"""
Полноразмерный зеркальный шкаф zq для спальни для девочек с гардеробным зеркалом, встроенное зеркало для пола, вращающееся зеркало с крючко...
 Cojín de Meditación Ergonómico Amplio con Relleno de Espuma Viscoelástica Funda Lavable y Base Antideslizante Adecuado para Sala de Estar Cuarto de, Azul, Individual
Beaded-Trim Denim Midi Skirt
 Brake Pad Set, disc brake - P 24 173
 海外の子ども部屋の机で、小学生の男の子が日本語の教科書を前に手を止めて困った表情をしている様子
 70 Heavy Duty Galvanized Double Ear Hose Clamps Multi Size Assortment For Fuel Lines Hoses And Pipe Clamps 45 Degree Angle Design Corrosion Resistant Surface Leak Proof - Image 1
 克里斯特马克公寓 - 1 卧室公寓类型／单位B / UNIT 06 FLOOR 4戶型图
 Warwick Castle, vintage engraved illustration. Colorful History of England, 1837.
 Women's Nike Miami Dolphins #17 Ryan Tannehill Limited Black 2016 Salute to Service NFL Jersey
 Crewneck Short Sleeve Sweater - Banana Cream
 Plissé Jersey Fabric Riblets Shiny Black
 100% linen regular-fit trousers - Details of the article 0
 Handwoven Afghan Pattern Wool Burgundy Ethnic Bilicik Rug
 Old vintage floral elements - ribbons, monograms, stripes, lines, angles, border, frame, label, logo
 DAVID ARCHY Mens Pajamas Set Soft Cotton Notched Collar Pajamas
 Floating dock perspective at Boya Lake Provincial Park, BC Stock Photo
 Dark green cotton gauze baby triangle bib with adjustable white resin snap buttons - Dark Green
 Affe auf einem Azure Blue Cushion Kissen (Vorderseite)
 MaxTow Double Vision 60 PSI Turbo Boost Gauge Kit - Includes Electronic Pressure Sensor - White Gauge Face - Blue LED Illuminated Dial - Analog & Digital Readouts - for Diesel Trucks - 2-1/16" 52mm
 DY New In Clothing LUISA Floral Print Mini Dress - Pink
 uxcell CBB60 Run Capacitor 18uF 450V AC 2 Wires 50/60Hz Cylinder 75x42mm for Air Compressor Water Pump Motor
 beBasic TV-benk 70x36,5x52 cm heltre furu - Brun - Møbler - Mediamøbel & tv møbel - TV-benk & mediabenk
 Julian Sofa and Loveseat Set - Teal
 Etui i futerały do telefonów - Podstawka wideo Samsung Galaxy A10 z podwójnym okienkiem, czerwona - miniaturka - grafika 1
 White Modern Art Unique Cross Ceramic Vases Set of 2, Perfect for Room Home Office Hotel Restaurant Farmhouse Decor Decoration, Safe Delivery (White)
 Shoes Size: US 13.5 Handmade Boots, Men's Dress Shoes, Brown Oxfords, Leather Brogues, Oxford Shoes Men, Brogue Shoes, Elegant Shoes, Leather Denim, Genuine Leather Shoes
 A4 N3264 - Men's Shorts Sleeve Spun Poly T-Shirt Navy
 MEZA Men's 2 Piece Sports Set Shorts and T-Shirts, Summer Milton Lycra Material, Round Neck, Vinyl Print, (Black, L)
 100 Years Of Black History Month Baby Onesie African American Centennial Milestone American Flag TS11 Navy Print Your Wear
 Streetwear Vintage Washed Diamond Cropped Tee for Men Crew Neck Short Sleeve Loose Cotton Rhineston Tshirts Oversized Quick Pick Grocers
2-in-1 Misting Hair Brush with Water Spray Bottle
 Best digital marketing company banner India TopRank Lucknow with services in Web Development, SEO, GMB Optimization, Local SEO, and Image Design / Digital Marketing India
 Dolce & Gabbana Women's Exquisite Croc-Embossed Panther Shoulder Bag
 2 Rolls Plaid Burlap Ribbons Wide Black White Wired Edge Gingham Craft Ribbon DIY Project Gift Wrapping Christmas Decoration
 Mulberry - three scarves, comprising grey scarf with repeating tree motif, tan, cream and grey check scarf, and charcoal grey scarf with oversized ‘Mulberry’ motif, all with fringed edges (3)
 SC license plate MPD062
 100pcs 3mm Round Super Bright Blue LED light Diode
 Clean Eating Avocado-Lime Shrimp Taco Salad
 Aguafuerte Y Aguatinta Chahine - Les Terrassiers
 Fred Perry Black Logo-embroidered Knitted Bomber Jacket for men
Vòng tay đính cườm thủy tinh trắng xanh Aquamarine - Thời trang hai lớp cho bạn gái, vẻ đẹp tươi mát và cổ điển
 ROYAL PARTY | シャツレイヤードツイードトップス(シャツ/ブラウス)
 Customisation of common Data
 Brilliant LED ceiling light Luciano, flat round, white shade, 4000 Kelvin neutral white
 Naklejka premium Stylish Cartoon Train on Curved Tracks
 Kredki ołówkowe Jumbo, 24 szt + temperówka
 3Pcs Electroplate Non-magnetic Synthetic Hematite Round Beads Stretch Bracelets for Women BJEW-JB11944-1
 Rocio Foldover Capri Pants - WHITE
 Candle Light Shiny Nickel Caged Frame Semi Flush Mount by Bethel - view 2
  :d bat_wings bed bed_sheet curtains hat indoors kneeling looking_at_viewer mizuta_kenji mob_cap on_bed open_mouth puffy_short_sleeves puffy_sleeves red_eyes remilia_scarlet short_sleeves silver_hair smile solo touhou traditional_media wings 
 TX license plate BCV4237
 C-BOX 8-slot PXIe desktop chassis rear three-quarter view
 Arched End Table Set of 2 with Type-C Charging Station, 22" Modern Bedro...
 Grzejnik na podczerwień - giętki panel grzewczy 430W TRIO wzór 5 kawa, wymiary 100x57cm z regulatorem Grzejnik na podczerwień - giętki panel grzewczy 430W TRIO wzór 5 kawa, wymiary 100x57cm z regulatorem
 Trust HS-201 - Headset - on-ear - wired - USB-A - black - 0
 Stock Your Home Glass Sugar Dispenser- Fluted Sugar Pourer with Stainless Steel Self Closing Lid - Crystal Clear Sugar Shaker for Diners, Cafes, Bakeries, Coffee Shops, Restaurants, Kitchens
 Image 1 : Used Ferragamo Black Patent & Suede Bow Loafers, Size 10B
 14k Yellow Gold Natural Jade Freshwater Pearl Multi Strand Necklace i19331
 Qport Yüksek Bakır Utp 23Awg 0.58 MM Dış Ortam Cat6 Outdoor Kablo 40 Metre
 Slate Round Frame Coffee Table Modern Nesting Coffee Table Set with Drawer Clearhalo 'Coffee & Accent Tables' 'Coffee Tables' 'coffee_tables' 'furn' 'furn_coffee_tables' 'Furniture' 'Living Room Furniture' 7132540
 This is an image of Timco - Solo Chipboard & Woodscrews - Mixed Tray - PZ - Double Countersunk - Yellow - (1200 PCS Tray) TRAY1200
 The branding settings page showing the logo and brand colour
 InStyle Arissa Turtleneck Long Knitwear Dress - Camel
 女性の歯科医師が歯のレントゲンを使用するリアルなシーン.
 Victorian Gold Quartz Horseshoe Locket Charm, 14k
"""
◆ **What the exercise asks**
Return exactly, and only, the lines above starting at the line that contains "Streetwear Vintage Washed" and ending at the line that contains "2-in-1 Misting Hair".

◆ **Your response**
 Streetwear Vintage Washed Diamond Cropped Tee for Men Crew Neck Short Sleeve Loose Cotton Rhineston Tshirts Oversized Quick Pick Grocers
2-in-1 Misting Hair Brush with Water Spray Bottle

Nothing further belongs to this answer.